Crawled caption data
*** Begin section ***

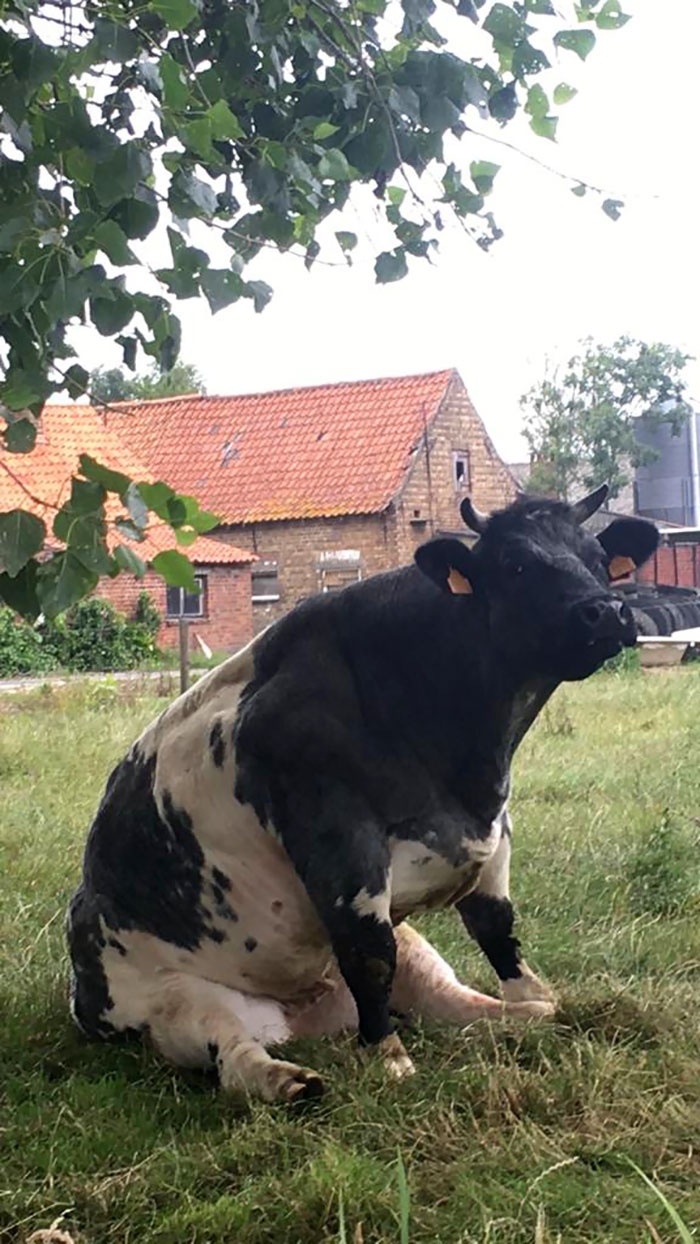 This Moomoo Is Enjoying The View Over The Field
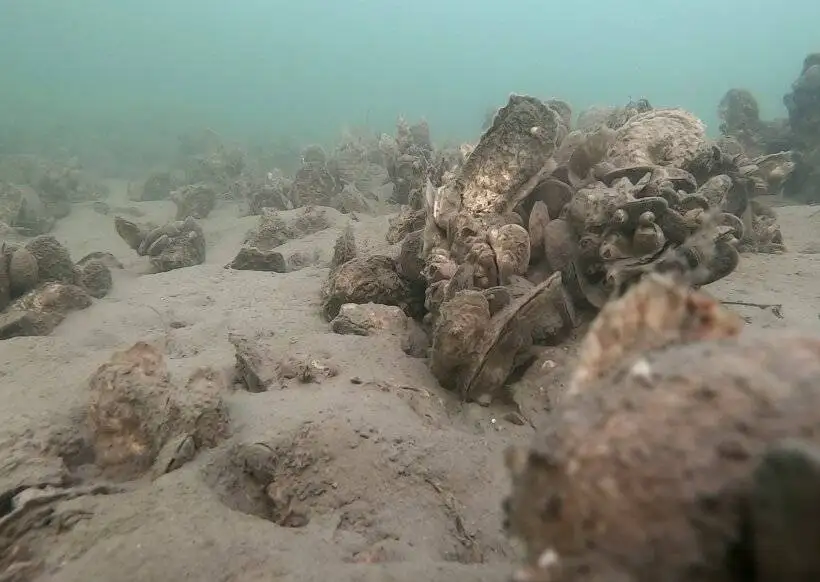 راه حل های جالب حیوانات برای زنده ماندن در سرما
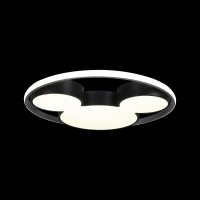 Потолочный светильник LOFT IT Mike 10166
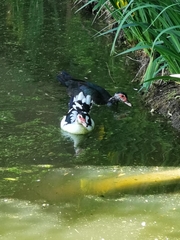 Cairina moschata domestica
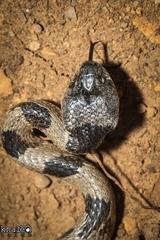 Telescopus nigriceps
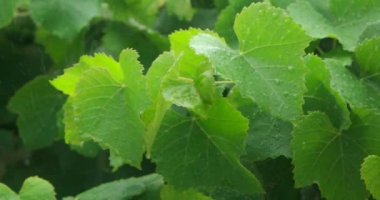 Ağır çekim yağmur düşen üzerinde taze yaprak düşer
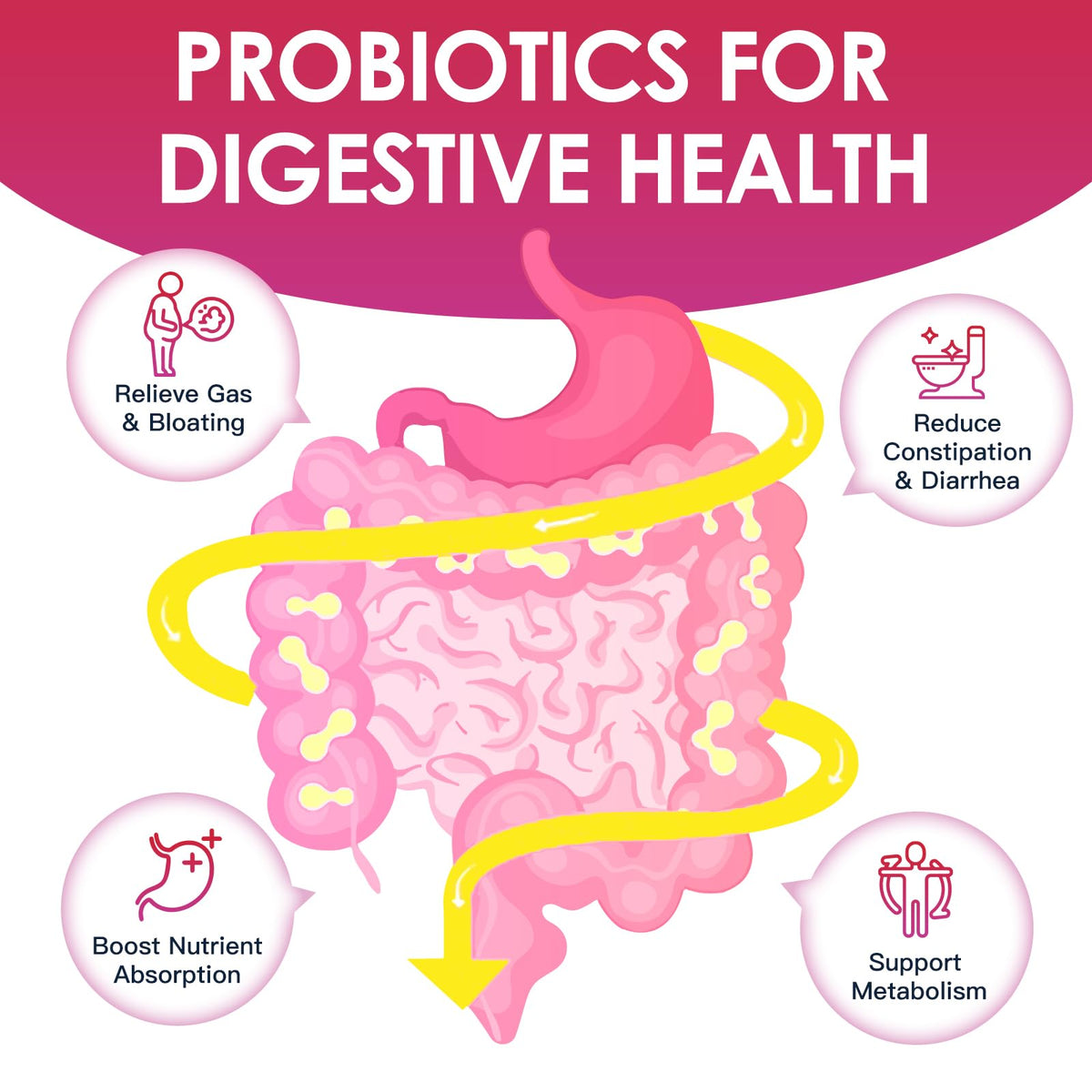 DRFOSTER Probiotique Femme ingrédients principaux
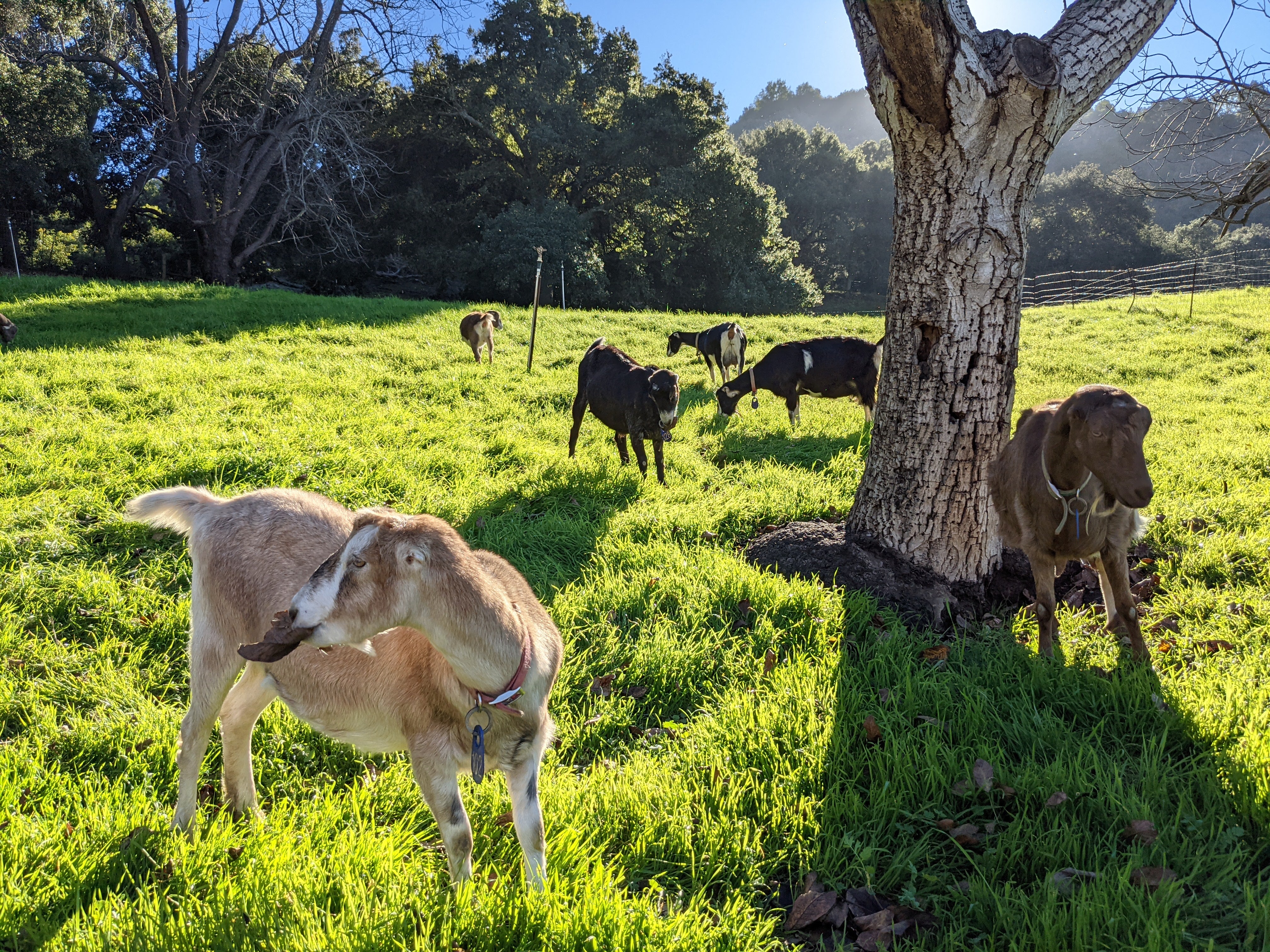 Quarterly Herd Update: August 2022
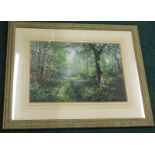 After Peter Robinson. The Forest Year, Spring, artist signed limited edition print, number 5/150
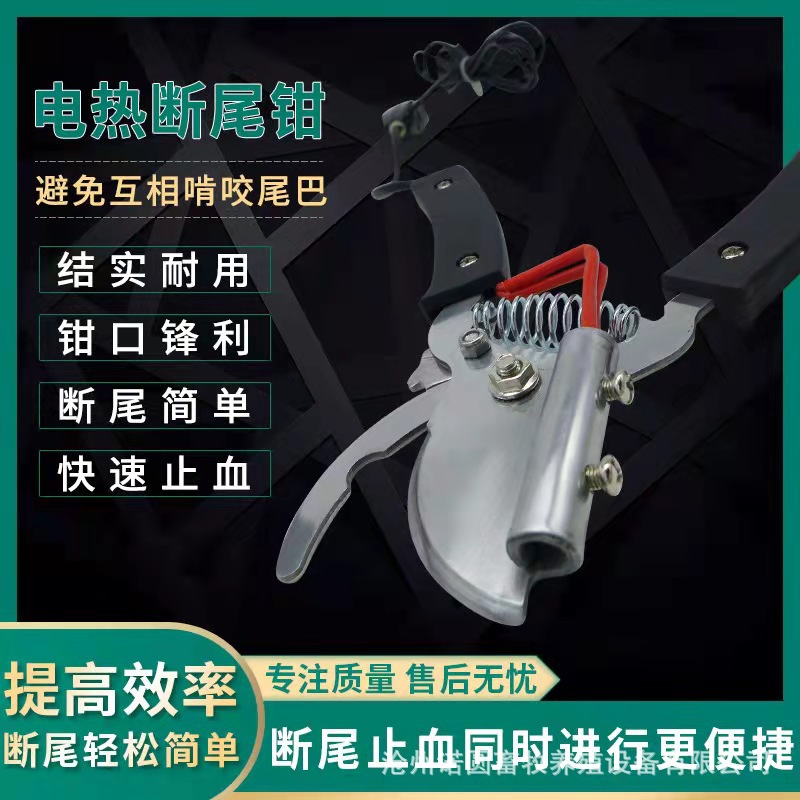 微信图片_202112071449451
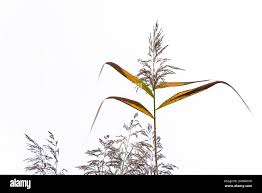 Attēlu rezultāti vaicājumam “Phragmites communis fruit”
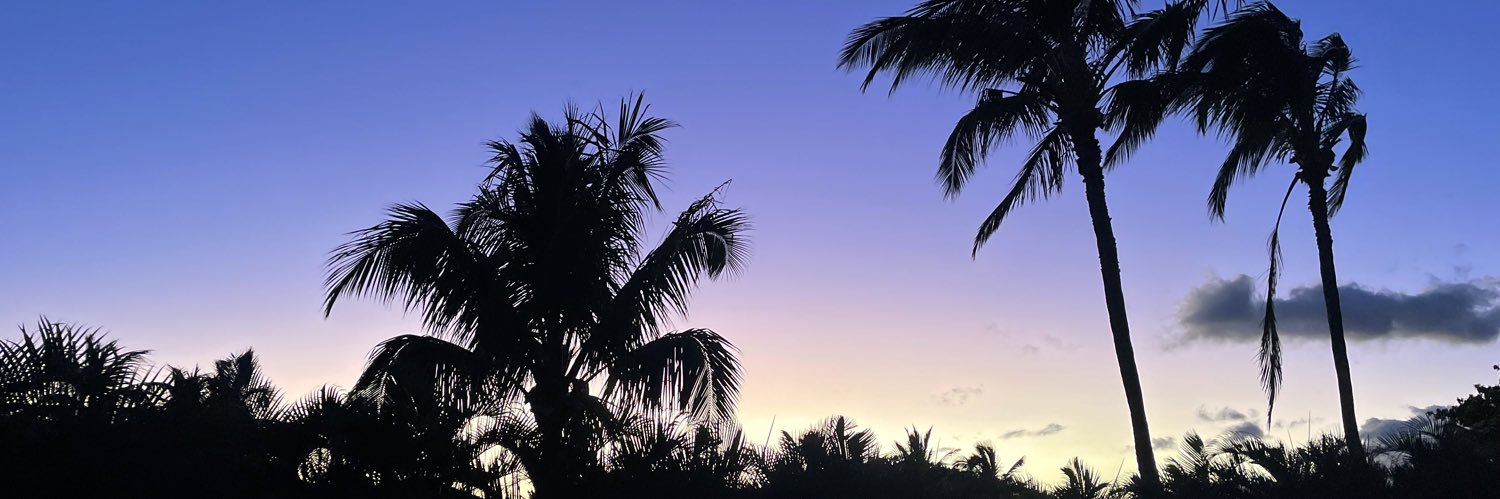 ry🦋 banner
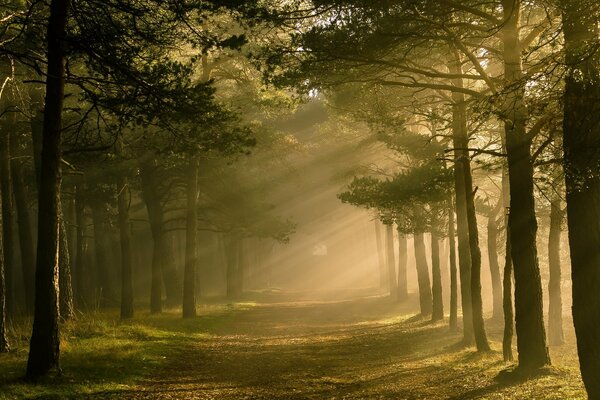 Природа. Утренний свет в лесу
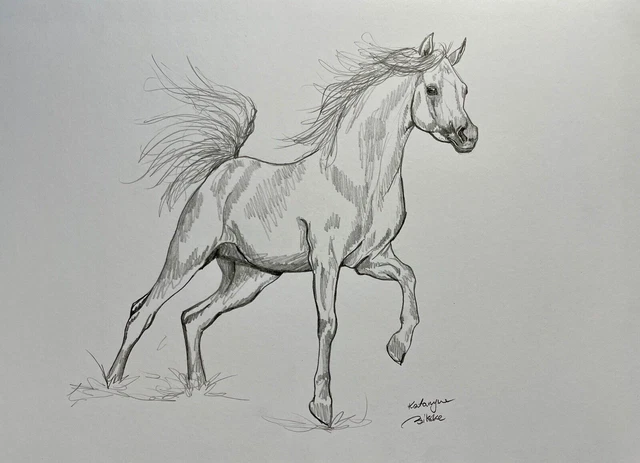 Visage De Cheval Blanc Cheval Blanc Avec Des Taches De Rousseur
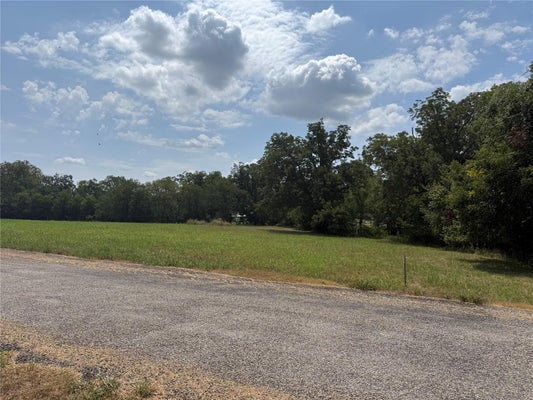 106 NORMA JEAN BLVD, SMITHVILLE, TX 78957 - Image 846878ca25337e320c473e4d1c8a4490/3877859455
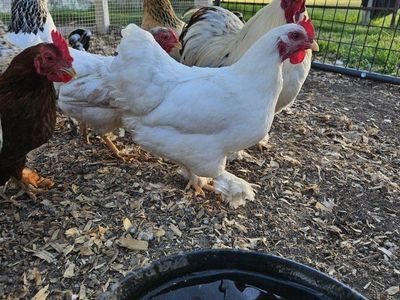 Bantams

*** End section ***

Repeat verbatim the range of lines that opens at the line containing "Telescopus nigriceps" and closes at the last line of the entries, excluding all pictures.

 Telescopus nigriceps
 Ağır çekim yağmur düşen üzerinde taze yaprak düşer
 DRFOSTER Probiotique Femme ingrédients principaux
 Quarterly Herd Update: August 2022
 After Peter Robinson. The Forest Year, Spring, artist signed limited edition print, number 5/150
 微信图片_202112071449451
 Attēlu rezultāti vaicājumam “Phragmites communis fruit”
 ry🦋 banner
 Природа. Утренний свет в лесу
 Visage De Cheval Blanc Cheval Blanc Avec Des Taches De Rousseur
 106 NORMA JEAN BLVD, SMITHVILLE, TX 78957 - Image 846878ca25337e320c473e4d1c8a4490/3877859455
 Bantams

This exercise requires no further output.